Improving chemotherapy for lung cancer patients

Suresh Ramalingam is studying how advanced non-small cell lung cancer reacts to chemotherapy with the addition of the drug vorinostat.


Suresh Ramalingam 
is studying how advanced non-small cell lung cancer reacts to chemotherapy with the addition of the drug vorinostat.

Advanced non-small cell lung cancer is very challenging to treat, so recent study results on vorinostat hold great promise for patients, says Suresh Ramalingam (hematology/ oncology).

Ramalingam and his team added vorinostat to a standard chemotherapy regimen of carboplatin and paclitaxel in patients with advanced non-small cell lung cancer and found that the addition of the anti-tumor agent increased effectiveness of the treatment. The combination increased response rates from 12.5% to 34% and demonstrated favorable trends for progression-free survival and overall survival. 
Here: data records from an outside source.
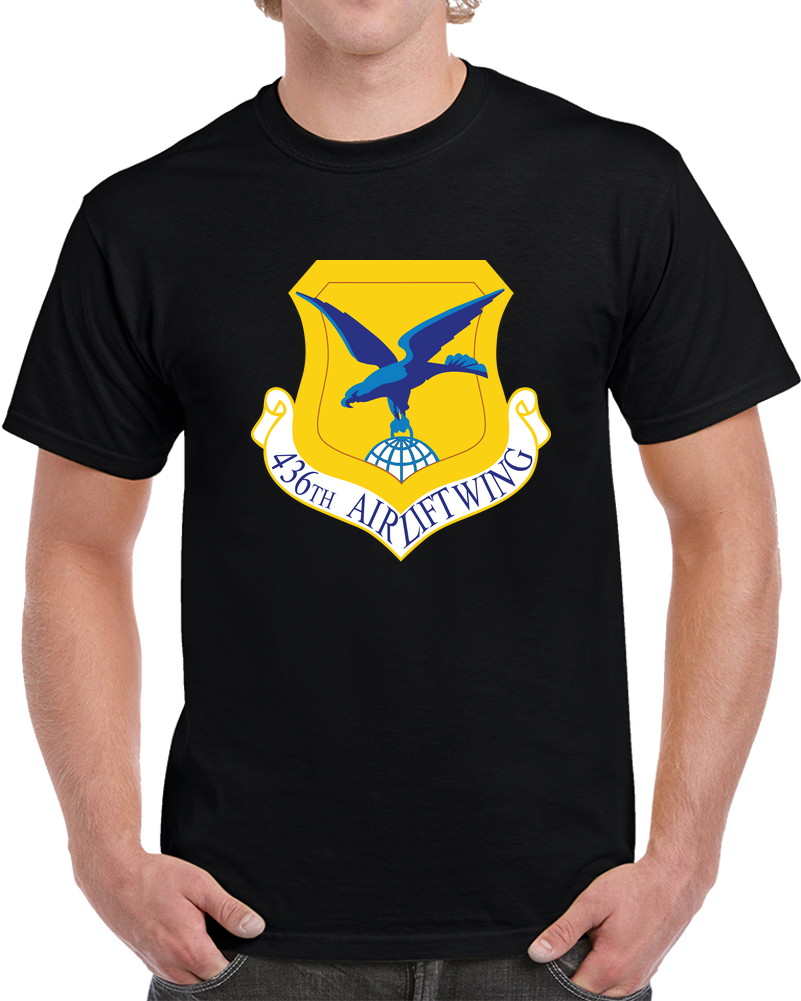 USAF - 436th Airlift Wing Wo Txt X 300 T Shirt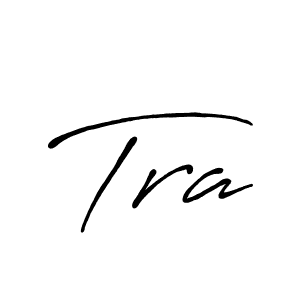 The best way (Antro_Vectra_Bolder) to make a short signature is to pick only two or three words in your name. The name Tra include a total of six letters. For converting this name. Tra signature style 7 images and pictures png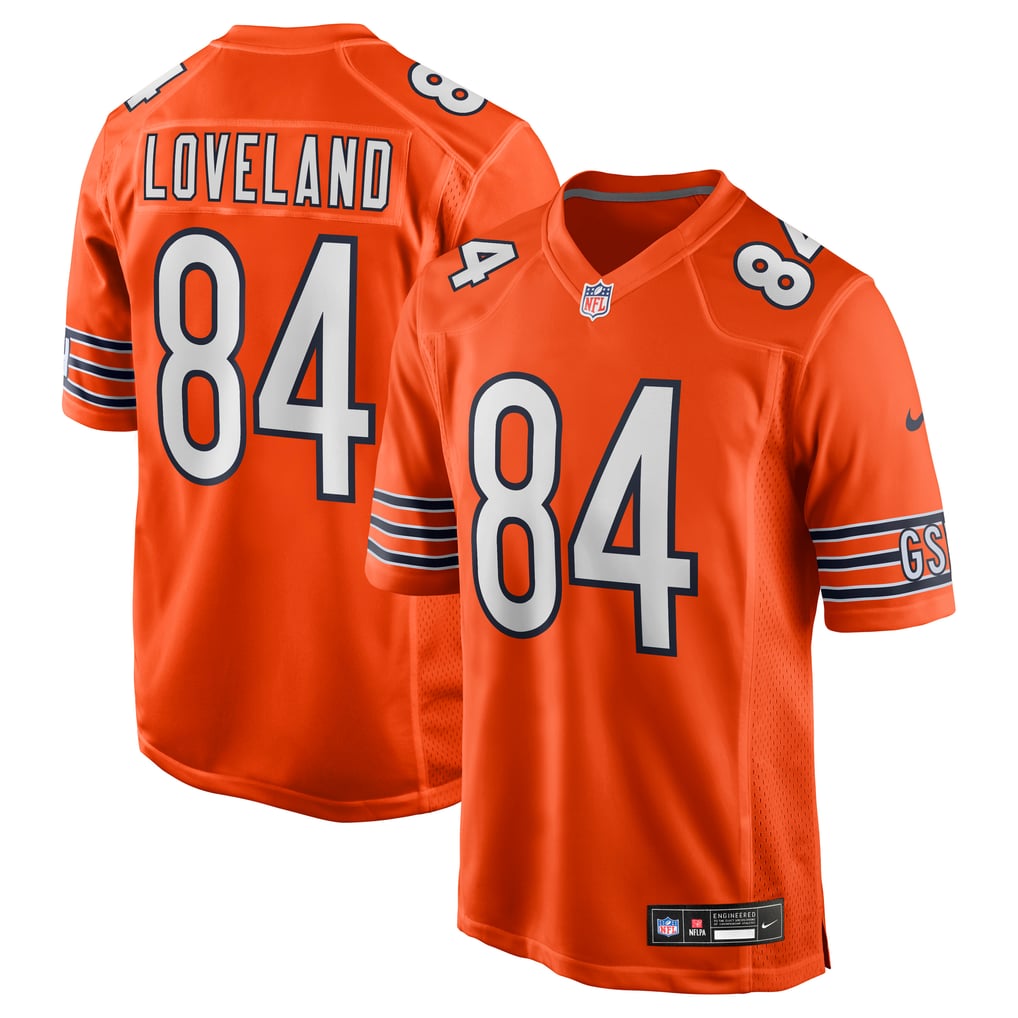Men's Chicago Bears Colston Loveland Nike Orange Alternate Game Player Jersey - Image 1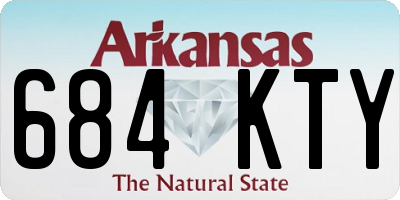 AR license plate 684KTY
"These results also open the door to evaluate other drugs that belong to this class of compounds for treatment of non-small cell lung cancer," says Ramalingam.

Vorinostat is part of an emerging class of anti-tumor agents that interfere with enzymes known as histone deacetylases. Inhibiting these enzymes increases the level of acetylation, a reversible chemical modification, on proteins in the cell. Vorinostat may be affecting histones, abundant spool-like proteins around which the cell's DNA is wound, and other proteins important for cell division such as tubulin. Scientists believe these effects could enhance the DNA-damaging and cell division-inhibiting effects of carboplatin and paclitaxel, respectively.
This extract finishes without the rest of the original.